▶ Directions
Your output should consist solely of the lines from the one holding "Nikon New FM2 & Ai NIKKOR 50mm F1.4s" to the end of the records below, inclusive, reproduced exactly and free of pictures.
[[ Listed entries open ]]
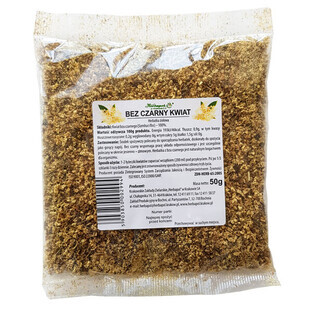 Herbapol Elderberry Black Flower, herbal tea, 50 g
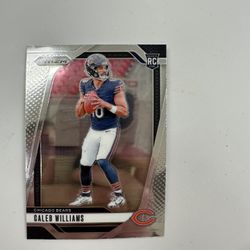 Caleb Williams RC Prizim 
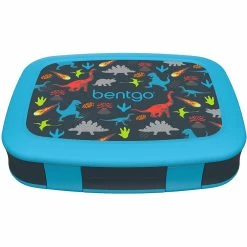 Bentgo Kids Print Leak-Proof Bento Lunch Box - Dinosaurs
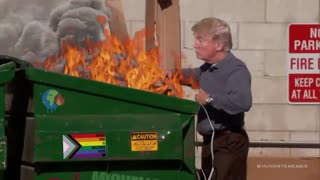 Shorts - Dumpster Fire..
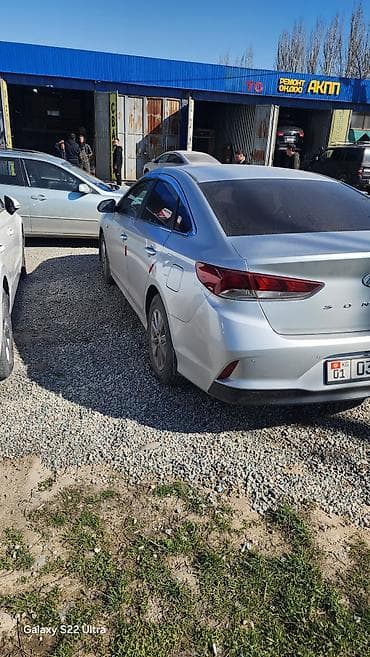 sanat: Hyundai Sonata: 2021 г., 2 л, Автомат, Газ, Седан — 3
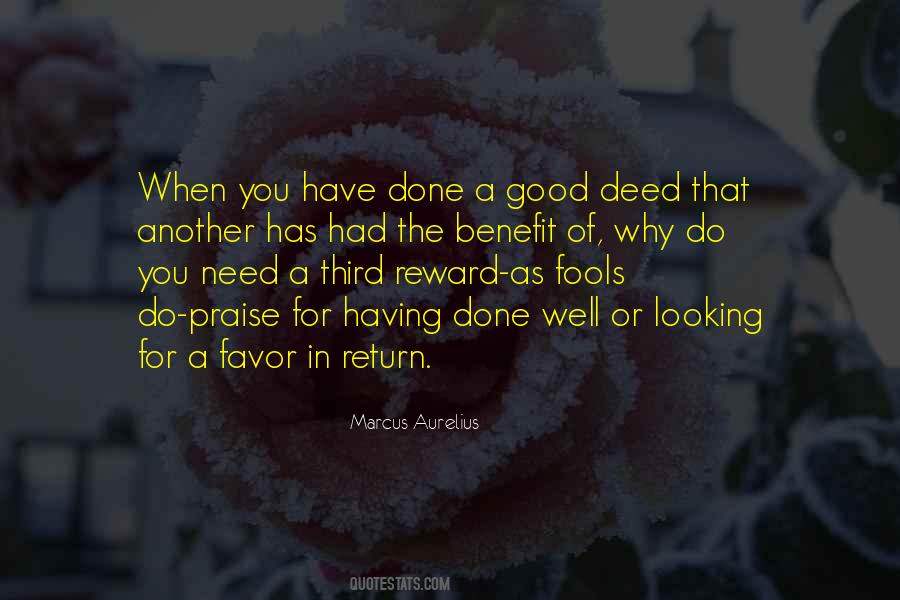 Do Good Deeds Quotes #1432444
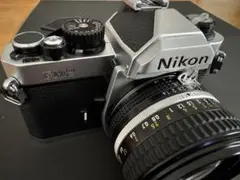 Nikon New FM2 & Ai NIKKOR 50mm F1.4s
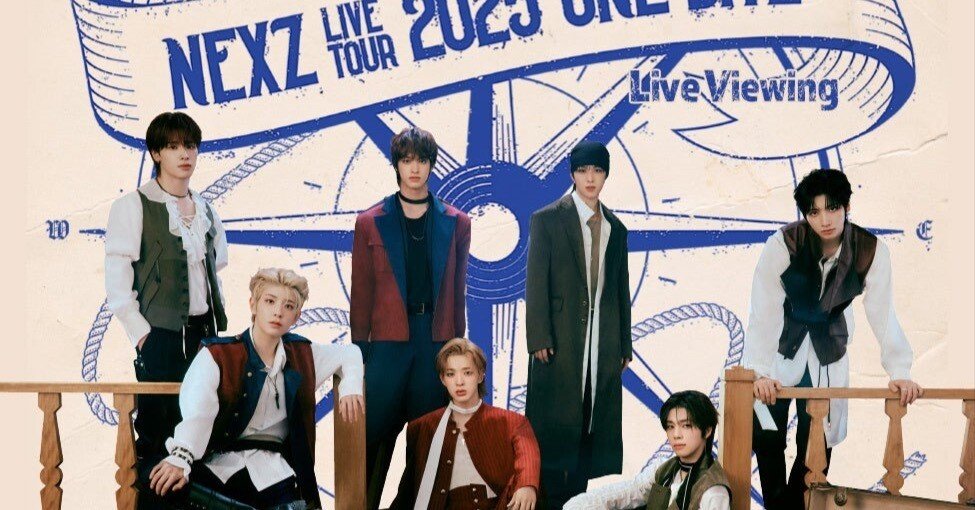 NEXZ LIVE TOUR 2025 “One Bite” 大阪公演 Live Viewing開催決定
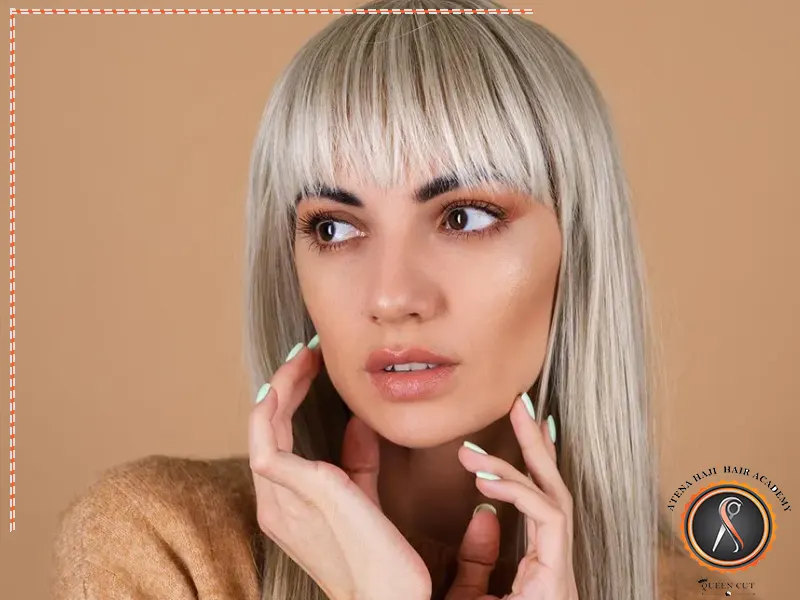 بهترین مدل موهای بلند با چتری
[[ Listed entries closed ]]
▶ Solved exercise
 Nikon New FM2 & Ai NIKKOR 50mm F1.4s
 NEXZ LIVE TOUR 2025 “One Bite” 大阪公演 Live Viewing開催決定
 بهترین مدل موهای بلند با چتری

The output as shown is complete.